Unlike most competitive industries, there is a culture of data sharing in the geospatial world, which allows agencies to exchange data freely. Only a few for-profit companies that do mapping or collect imagery (aircraft and satellite) are driven by the revenue of data or imagery sales. Many government agencies freely provide their datasets for a variety of uses.

Data may be shared by the total transfer of a dataset (in bulk) from the source server to a user or through a Web- based "service" where only the data needed (limited to a small geographic subset of the total dataset) is sent to the requesting software (and user).

Finding the datasets or service you want is sometimes difficult - there are many of them out there. There are portals sponsored by various government agencies (such as http://www.geodata.gov/) that allow the user to search for GIS datasets addressing specific topics.

A variety of business and demographic data that has been geocoded is available (at a cost) and, thus, can be integrated into the base map data.

Industry Standard Data Models

Because of this culture of sharing, there are also industry standard data models that allow not only the sharing of data among peer agencies and companies, but also the sharing of analysis tools. This is because some GIS databases not only describe a portion of the earth's surface, but also can be used for behaving in certain ways (such as creeks and streams) supporting certain simulation software. One agency may develop a model for calculating flow through a water supply system, and it can then share that software with another agency covering a different geography.
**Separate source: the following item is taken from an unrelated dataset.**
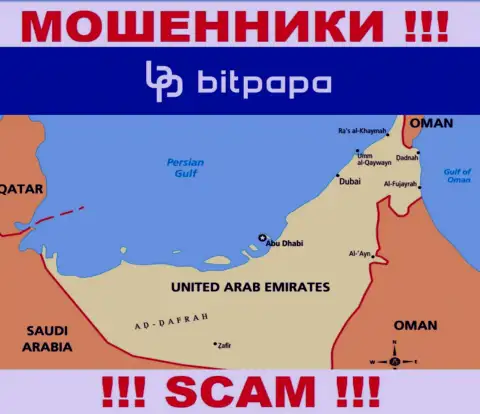 С BitPapa Com взаимодействовать РИСКОВАННО - прячутся в оффшорной зоне на территории - United Arab Emirates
GIS data faces the same data management challenges as traditional structured (or tabular) data. There must be appropriate versioning of data and archiving. There can be many unknowns regarding data quality and currency of any dataset. This is true especially where data may be integrated from multiple sources, some of which may have unknown reliability. Again, the metadata of original and derivative datasets must reflect all these issues.

Conclusion

This has been only a brief (and very simple) overview of the world of geospatial data. Geospatial software packages can be quite complex, but they provide a host of analysis tools. These software packages are used by nearly every major federal government agency to address geography-related problems.

(14)

Raw geospatial data (unreadable by the human eye) is nearly useless without the software to convert it to rich, graphic expression, but this is impossible without precise metadata. The business analytical possibilities of employing proximity and spatial relationships among objects are nearly unlimited.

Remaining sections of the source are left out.